Il matrimonio di Lorna

Il titolo italiano perde in parte l'incisività dell'originale Le silence de Lorna che richiama con maggiore pregnanza il silenzio cosciente e colpevole o forse semplicemente dettato dalla paura e dal senso di responsabilità di Lorna (Arta Dobroshi), a suo modo vittima di un sistema di sfruttamento dei corpi e delle persone, che non poteva sfuggire all'attenzione dei fratelli Dardenne, acuti osservatori della realtà e come tali indagatori distaccati e asettici, spesso paragonati per il loro sguardo cinematografico al rigore bressoniano del maestro francese.
Ancora una volta è la realtà belga ad essere rappresentata, ma potrebbe essere una qualsiasi realtà geografica per il modo in cui rappresentano le loro storie asciugando il racconto da ogni commento musicale e inseguendo i protagonisti, tallonandoli sino allo spasmo per fotografarne l'anima e il turbamento interiore, restituendoci il disagio ed il grigiore delle loro esistenze.
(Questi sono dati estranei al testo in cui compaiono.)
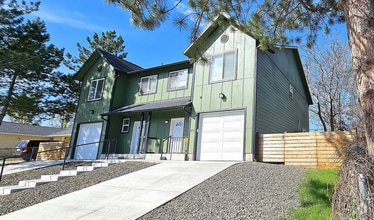 Building Photo - Beautiful New Construction Duplex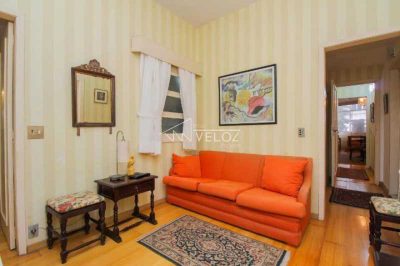 Apartamento, 3 quartos, 201 m² - Foto 1
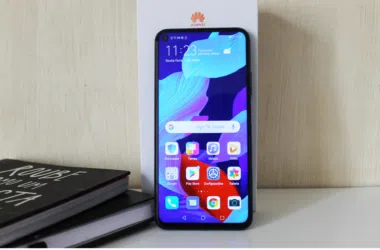 Huawei nova 5t 2 review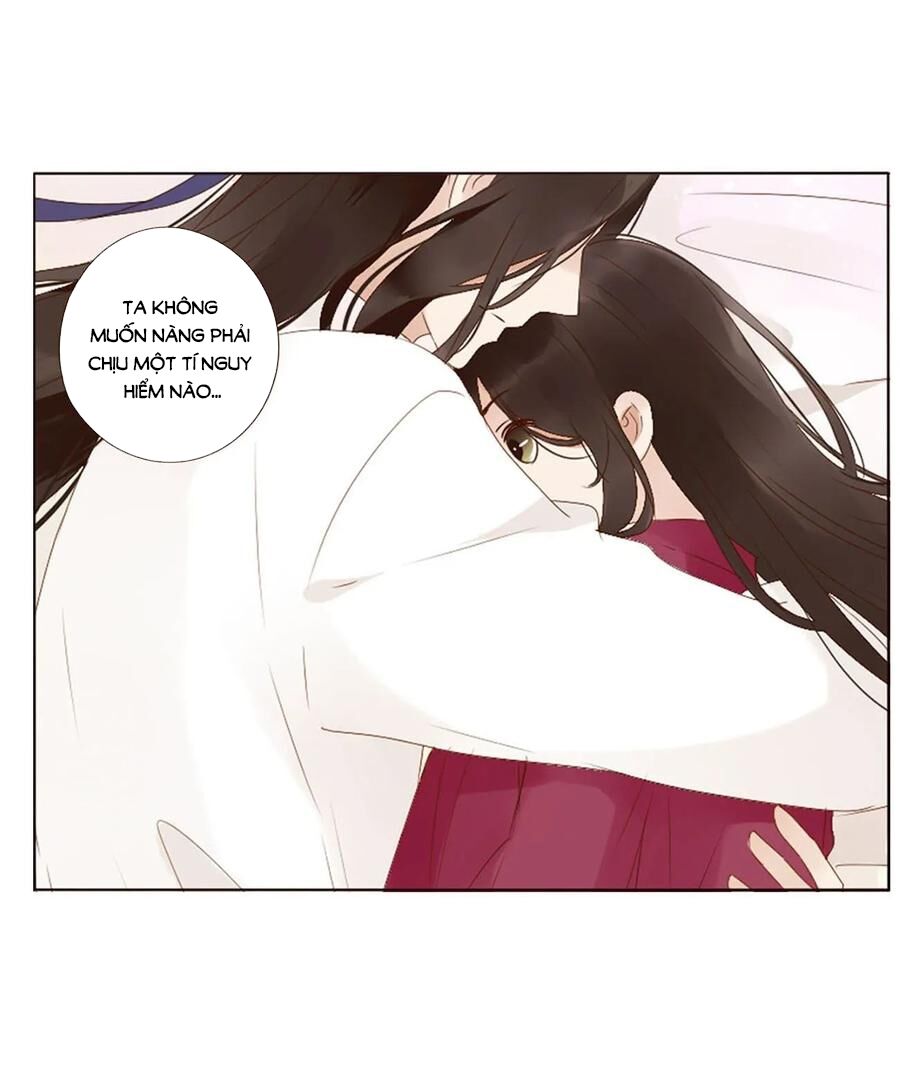 Đế Vương Trắc: Chapter 222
Questa volta però lo sguardo dei Dardenne pare volgere verso una storia dai risvolti ancor più articolati, senza per questo perdersi dietro gli sviluppi narrativi, ma riuscendo a creare una tensione, non limitata solo agli sguardi e ai silenzi, ma anche grazie ad un raccordo preciso tra i vari personaggi del racconto, restituendoci ancora una volta uno sguardo d'insieme di un sistema sociale crudele e dei risvolti negativi che i suoi protagonisti si ritrovano ad affrontare, ormai persi in essi e quasi senza via di fuga alcuna, ma come sempre una fioca speranza è visibile alla fine del tunnel e anche Lorna potrà forse riscattarsi dalle proprie colpe e da quell'amore non protetto a sufficienza. Un film di notevole rigore formale e decisamente intenso, che segna un ulteriore interessante tassello evolutivo nella cinematografia di questi autori belgi pluripremiati.